The UK, which has so far resettled only about 143 refugees from the region as well as offering asylum to some 4000 refugees who were already in the country, has variously argued that resettlement is too expensive, not a sustainable solution for such a huge refugee population, and that it is best to support refugees in the region. While this may be true and the UK should be commended for its leading aid effort, it should not shirk its responsibility on resettlement. It should offer a lifeline to many more of the most vulnerable refugee men, women and children.
Oxfam together with the British Refugee Council, Amnesty International, Save the Children and others have called on rich countries to take five per cent of the total refugee population, which in the UK would equate to offering resettlement to around 10,000 refugees from Syria (see report here and a celebrity letter to Cameron here).
Ultimately, of course, a political solution is needed.
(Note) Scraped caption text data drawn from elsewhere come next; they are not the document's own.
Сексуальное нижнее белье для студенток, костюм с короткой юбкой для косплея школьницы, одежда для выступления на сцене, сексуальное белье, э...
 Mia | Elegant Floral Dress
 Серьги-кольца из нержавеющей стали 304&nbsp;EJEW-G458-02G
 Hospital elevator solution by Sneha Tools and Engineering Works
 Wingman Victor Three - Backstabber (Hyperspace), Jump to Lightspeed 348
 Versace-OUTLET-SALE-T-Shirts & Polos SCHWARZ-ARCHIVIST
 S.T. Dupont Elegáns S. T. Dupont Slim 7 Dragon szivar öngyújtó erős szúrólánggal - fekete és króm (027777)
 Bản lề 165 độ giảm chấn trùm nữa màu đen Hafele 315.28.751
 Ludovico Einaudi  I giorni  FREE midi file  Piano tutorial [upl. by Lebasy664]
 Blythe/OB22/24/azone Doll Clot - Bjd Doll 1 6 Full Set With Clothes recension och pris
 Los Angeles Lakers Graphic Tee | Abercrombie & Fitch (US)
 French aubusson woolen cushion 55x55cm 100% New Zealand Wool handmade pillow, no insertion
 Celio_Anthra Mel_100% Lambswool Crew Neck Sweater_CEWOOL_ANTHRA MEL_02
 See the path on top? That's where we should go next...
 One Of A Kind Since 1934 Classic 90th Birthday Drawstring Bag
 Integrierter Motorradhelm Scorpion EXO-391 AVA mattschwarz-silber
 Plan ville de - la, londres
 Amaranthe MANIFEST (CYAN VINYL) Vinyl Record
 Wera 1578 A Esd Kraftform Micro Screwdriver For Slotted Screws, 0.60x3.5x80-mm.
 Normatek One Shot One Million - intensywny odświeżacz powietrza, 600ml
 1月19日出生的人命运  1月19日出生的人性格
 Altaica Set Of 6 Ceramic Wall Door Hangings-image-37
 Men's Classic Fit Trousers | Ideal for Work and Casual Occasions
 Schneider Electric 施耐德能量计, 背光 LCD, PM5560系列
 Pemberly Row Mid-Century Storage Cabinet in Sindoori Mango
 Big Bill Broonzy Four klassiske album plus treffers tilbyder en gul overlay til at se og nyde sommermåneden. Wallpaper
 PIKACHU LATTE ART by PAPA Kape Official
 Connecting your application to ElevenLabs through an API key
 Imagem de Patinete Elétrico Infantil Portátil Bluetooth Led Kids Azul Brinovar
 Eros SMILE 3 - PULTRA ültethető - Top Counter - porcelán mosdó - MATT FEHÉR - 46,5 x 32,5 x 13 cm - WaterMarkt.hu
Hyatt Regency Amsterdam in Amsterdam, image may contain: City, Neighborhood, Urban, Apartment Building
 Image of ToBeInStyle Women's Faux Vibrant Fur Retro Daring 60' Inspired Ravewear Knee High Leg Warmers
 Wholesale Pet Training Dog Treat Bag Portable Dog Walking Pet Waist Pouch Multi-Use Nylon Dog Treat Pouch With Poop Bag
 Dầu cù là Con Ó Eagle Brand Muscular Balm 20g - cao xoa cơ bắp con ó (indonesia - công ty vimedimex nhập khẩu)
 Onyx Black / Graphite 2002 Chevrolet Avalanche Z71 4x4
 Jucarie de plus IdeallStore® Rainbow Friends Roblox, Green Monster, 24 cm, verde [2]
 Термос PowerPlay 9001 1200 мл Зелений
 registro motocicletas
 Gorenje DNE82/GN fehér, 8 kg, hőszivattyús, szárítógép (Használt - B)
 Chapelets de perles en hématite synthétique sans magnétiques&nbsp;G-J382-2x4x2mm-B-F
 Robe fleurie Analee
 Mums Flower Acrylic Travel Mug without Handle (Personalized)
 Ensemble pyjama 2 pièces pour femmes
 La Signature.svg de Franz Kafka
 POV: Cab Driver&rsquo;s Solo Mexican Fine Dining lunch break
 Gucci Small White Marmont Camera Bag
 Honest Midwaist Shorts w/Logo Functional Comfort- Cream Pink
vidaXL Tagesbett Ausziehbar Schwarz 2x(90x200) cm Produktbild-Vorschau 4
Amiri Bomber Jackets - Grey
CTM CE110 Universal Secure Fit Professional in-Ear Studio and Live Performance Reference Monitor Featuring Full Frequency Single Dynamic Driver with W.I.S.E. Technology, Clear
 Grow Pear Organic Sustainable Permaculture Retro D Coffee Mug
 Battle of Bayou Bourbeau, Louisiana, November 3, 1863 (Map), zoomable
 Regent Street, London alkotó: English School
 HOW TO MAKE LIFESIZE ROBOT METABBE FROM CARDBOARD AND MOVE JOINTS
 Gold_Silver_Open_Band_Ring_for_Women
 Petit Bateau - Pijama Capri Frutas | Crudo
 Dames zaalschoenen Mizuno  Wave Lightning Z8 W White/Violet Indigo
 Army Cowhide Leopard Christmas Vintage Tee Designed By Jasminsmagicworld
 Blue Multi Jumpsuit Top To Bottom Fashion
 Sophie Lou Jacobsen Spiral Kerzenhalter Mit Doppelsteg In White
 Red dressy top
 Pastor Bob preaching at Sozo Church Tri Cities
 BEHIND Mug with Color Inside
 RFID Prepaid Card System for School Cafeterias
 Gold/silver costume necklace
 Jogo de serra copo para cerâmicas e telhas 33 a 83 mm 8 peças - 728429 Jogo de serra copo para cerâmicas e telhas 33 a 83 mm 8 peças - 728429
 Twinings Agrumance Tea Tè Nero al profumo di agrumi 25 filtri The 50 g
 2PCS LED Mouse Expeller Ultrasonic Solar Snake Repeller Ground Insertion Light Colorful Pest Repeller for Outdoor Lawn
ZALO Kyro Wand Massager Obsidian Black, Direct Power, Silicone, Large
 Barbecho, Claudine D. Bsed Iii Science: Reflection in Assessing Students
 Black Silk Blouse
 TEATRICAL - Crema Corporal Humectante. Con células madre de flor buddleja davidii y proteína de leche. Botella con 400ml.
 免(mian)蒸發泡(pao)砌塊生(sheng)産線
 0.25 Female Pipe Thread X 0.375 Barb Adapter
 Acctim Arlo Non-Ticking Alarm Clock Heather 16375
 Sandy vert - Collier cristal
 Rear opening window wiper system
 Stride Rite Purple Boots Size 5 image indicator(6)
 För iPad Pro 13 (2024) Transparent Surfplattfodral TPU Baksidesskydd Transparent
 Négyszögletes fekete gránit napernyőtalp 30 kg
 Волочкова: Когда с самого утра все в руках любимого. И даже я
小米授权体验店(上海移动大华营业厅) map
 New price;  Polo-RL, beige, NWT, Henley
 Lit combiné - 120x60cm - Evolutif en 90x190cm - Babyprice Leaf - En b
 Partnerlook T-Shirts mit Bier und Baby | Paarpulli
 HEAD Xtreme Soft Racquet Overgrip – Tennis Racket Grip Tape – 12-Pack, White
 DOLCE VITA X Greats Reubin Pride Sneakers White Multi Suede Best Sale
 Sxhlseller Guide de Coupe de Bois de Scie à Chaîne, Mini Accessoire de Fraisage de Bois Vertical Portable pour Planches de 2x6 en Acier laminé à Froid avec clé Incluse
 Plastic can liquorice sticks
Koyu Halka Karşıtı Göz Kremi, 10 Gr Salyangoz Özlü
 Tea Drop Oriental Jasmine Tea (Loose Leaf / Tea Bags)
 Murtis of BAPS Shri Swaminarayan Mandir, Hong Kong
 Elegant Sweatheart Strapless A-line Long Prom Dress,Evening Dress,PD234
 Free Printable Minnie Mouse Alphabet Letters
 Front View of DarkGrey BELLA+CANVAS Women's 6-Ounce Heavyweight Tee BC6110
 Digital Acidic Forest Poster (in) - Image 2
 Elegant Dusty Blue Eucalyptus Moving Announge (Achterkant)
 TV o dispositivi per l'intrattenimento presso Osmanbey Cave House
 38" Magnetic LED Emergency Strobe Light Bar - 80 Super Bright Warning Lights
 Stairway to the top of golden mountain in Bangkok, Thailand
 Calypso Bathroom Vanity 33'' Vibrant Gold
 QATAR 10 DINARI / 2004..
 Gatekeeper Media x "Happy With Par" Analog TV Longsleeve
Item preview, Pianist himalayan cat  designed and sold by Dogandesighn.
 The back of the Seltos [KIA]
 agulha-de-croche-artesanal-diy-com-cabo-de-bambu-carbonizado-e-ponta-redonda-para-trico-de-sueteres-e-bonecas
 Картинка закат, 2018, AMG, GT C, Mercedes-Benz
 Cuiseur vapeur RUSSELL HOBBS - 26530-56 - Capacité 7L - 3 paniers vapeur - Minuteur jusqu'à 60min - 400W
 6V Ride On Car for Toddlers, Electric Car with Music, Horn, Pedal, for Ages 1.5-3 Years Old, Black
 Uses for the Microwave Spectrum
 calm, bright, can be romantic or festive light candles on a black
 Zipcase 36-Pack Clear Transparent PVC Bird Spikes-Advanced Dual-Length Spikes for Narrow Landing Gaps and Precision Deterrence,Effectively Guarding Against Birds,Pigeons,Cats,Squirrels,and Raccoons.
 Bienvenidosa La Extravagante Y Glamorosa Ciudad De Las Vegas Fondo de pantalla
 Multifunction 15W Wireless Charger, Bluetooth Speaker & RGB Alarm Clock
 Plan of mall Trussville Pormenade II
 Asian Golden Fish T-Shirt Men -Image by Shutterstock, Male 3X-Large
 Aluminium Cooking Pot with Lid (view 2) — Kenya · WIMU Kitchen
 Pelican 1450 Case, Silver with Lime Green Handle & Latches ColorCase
I spoke recently to a Syrian peace activist who said that Syria was still waiting for its ‘Rwanda moment’. By that, he meant that there needed to be a groundswell of global moral outrage so great that it would be impossible for the world to ignore what was happening and do all it can to stop it.
To be honest, I’ve been struggling with this, as surely that moment has long gone. If the death of over 200,000 people including thousands of children isn’t enough, then what is? But giving up isn’t an option for Syrians and it’s not an option for us either. We must continue to shine a spotlight on Syria and build the political resolve to end the bloodshed (you can take action here).